We formalize these claims using Information theory and discuss the relation to Renormalization group procedures. Various "no-flattening theorems" show when these efficient deep networks cannot be accurately approximated by shallow ones without efficiency loss even for linear networks.

Topics of the paper

In Section II (Neural network theory), we present results for shallow neural networks with merely a handful of layers, focusing on simplifications due to locality, symmetry and polynomials

In Section III (Deep learning theory, Complex systems), we study how increasing the depth of a neural network can provide polynomial or exponential eficiency gains even though it adds nothing in terms of expressivity, and we discuss the connections to renormalization, compositionality and Complexity.

In Section IV, we summarize our conclusions

In Appendix V, we discuss a technical point about renormalization and deep learning (see above).

Neural network theory

Summary: polynomials can be accurately approximated by neural networks using a number of neurons scaling either as the number of multiplications required (for continuous input variables) or as the number of terms (for binary input variables).

What Hamiltonians do we want to approximate? : see Simplicity and learning (section Simplicity and neural networks). Low-order, locality, symmetry.

Why deep neural networks?

This question has been extensively studied from a mathematical point of view [10,12], but mathematics alone cannot fully answer it, because part of the answer involves physics. We will argue that the answer involves the hierarchical/compositional structure of generative processes together with inability to efficiently "flatten" neural networks reflecting this structure.

Causally, complex structures are frequently created through a distinct sequence of simpler steps. This greatly simplifies the class of probability distributions that the network has to consider. The goal of the network is to reverse this generative hierarchy to learn about the input from the output.

Sufficient statistics and hierarchies

This can be formalized using Information theory and the concept of Sufficient statistic

Corollary 2: With the same assumptions and notation as Theorem 2, define the function $f_0(T_0) = P(x_0|T_0)$ , and $f_n = T_n$ . Then

$P(x_0|x_n) = (f_0 \circ f_1 \circ ... \circ f_n) (x_n)$

the structure of the inference problem reflects the structure of the generative process.
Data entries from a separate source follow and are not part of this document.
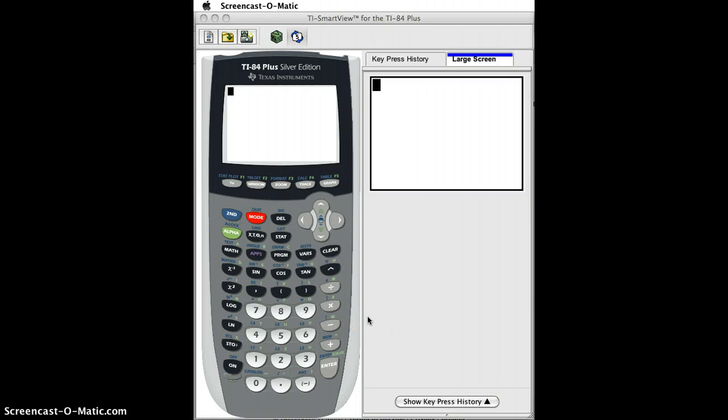Hi, this tutorial is to show you how to do a linear transformation on a list on your calculator. First you need a list.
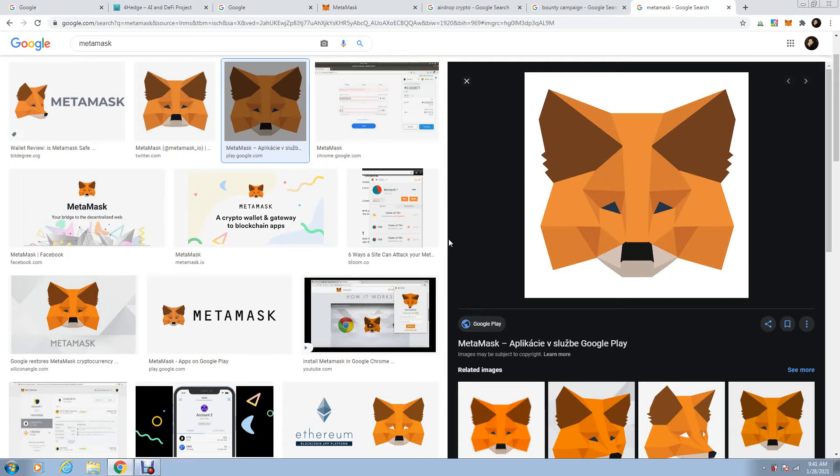Hello everyone and welcome to Hedge4.ai, Hedge4.artificialintelligence. Our project is working fine and we're very close to putting our coin in the market.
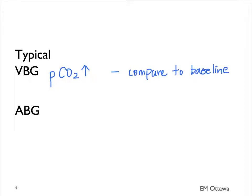If the patient is not responding to treatment, if we do their ABG, this is what it would show. We will see a rapidly rising PCO2 and a decreasing PO2.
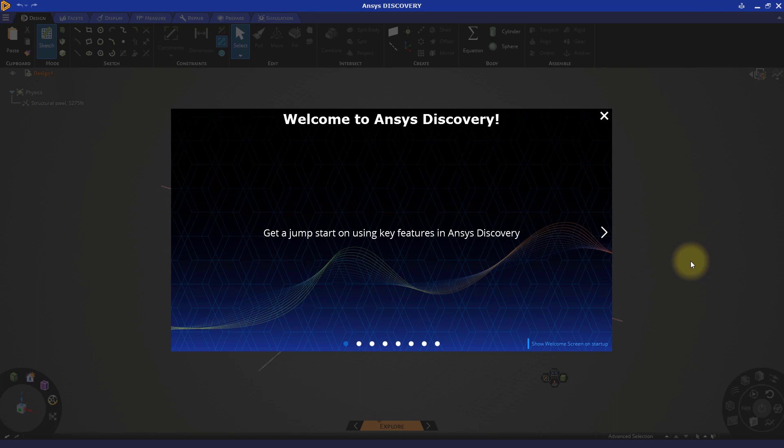In this demonstration, we're going to learn how to define and run a fluid dynamic simulation using the Explore stage in Discovery. We'll also be looking at the user interface, discussing the various parts and rules of the simulation, and adjusting some of the settings.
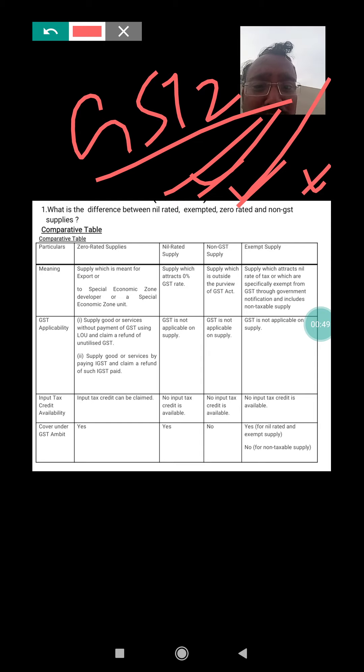On the basis of meaning, let us first discuss zero rated supply. Zero rated supply means the supply which is meant for export or supply to a Special Economic Zone (SEZ) developer or SEZ unit. Supply made to an SEZ unit is considered as a zero rated supply. If you supply a commodity to a Special Economic Zone, zero is your rate of tax — no tax is charged.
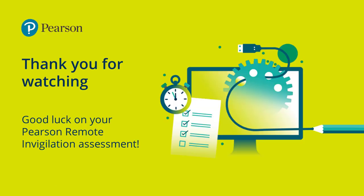Thank you for watching. We wish you all the best with your Pearson remote invigilation assessment.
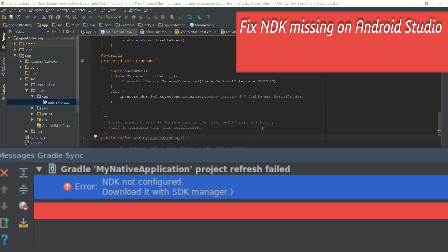Hi guys, this video will let you know how to fix NDK not configured error on Android Studio.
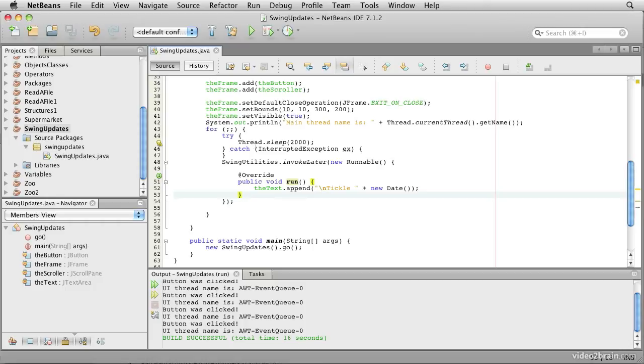Well generally, if you're in an event handler, one of the callback handlers that you added to a component, like this button handler that we have here, then you're in the event thread.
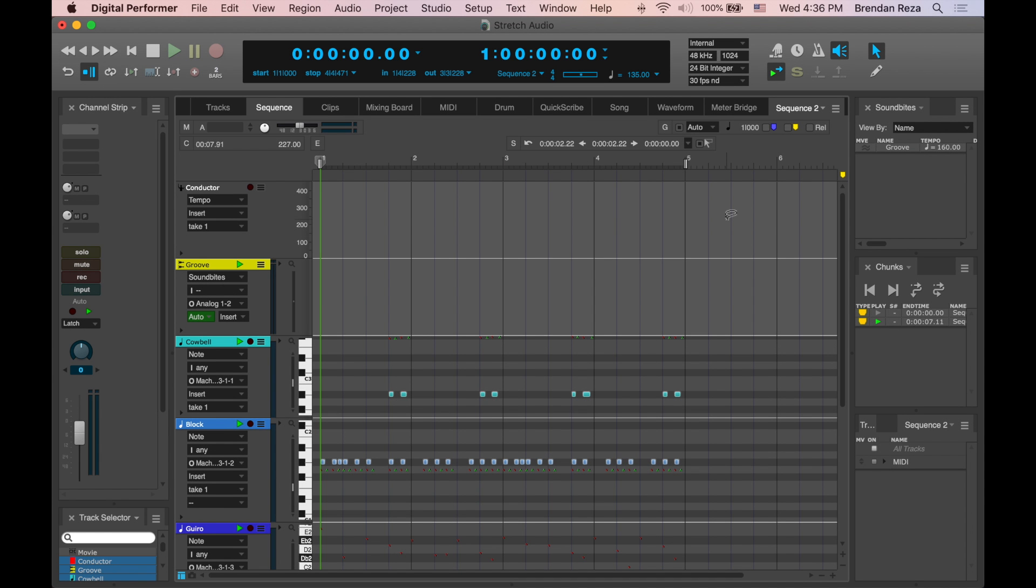To demonstrate the new Stretch Layer feature, I'll first play back a 4-bar audio file at 160 beats per minute.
In this case, we see that the neural network trying to approximate P(x|y) must approximate a compositional function. We will argue below in Section III F that in many cases, this can only be accomplished efficiently if the neural network has $\gtrsim n$ hidden layers.

In neuroscience parlance, the functions $f_i$ compress the data into forms with ever more invariance [24], containing features invariant under irrelevant transformations (for example background substitution, scaling and translation).

Approximate information distillation

Using functions that retain most of the information (i.e. imperfect Sufficient statistics, or more precisely a function for which the data processing inequality is close to an equality, but isn't) may be useful, if the functions are much less computationally complex, for instance are much simpler polynomials.

Distillation and renormalization

The systematic framework for distilling out desired information from unwanted "noise" in physical theories is known as Effective field theory, a fundamental part of which is the Renormalization group transformation.

They claim that RG is an example of supervised learning, and not of unsupervised learning. But not sure why

Non-flattening theorems

Theorems about the neuron-efficiency cost (reduction in the total number of neurons), and the synaptic-efficiency cost (reduction in the total number of synapses, or weight parameters), of flattening.

Flattening refers to producing a neural network with less layers and which approximates the original up to an error $\epsilon$

Linear non-flattening theorems

Non-flattening theorems for neural networks with no nonlinear functions, i.e. for Matrix multiplication.